Chipman bill to help families stay healthy and united moves forward
A bill by Sen. Ben Chipman, D-Portland, to ensure parents undergoing rehabilitation and reunification efforts with their children are able to retain health insurance coverage through MaineCare, received a 6-5 “Ought to Pass” vote in the Legislature’s Health and Human Services Committee on April 25.
Current Maine law allows parents with children who are under certain income levels to qualify for health coverage through MaineCare. When the Department of Health and Human Services removes children from the home, the parents are then considered “childless adults” and lose their MaineCare coverage even if the parents are working diligently to put their families back together.
Chipman’s bill — LD 451, “An Act To Continue MaineCare Coverage for Parents during the Rehabilitation and Reunification Process” — instructs the Department of Health and Human Service to apply for a waiver from the federal government to allow the state to continue to provide MaineCare coverage to a parent who is participating in rehabilitation and reunification — the process by which children are returned to their parents custody after being placed in foster care or nonparent care. If reunification efforts are discontinued or if parental rights are terminated, MaineCare Chipman’s bill would see that coverage also be terminated. Oklahoma, Rhode Island and Vermont have successfully applied for similar waivers.
“Reunifying families has many positive outcomes,” said Sen. Chipman. “Kids who end up in the foster care system have higher teen pregnancy rates, are more likely to end up in the juvenile justice system, and are less likely to hold a job for at least three month.”
Chipman’s bill would not only help parents working to put their families back together. It would save taxpayer dollars, too. That’s because the federal government requires states to support parents engaged in reunification. The loss of MaineCare coverage leaves Maine taxpayers on the hook for those parents’ health care costs. If MaineCare coverage were maintained, the state would receive a 2-to-1 federal match for those costs.
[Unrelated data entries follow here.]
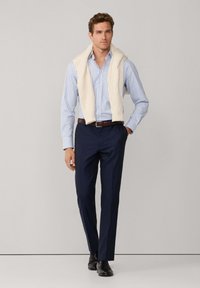 Tenue masculine comprenant une chemise rayée bleu clair et blanche, un pull crème drapé sur les épaules, un pantalon bleu marine et des chaussures noires.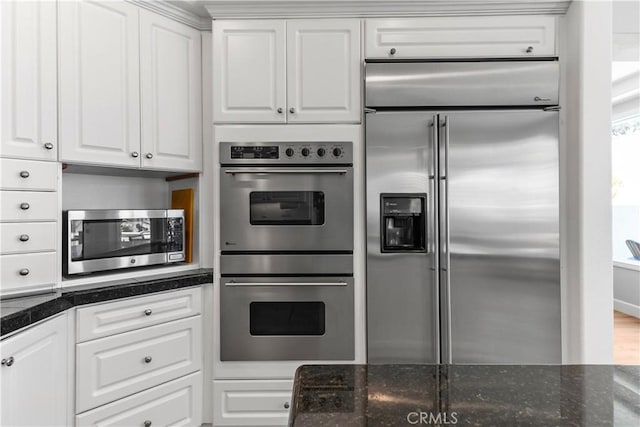 kitchen with appliances with stainless steel finishes and white cabinetry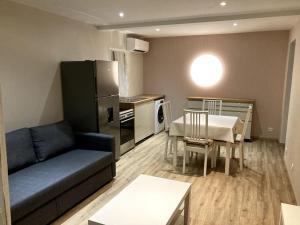 een woonkamer met een bank en een tafel en een keuken bij Appartement in Montélimar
DHHS, however, claims that LD 451 would cost the state $59,000 per year, even though they found substantial savings to the state on a similar bill in 2013.
“One year DHHS says this bill would save the state a lot of money and the next year they claim the same proposal will cost money, which makes no sense,” said Sen. Chipman. “Even if the department’s math this year is correct, $59,000 a year to provide full health care for 700 low income adults is a bargain and absolutely something we should do.”
LD 451 now heads to the Senate for initial votes.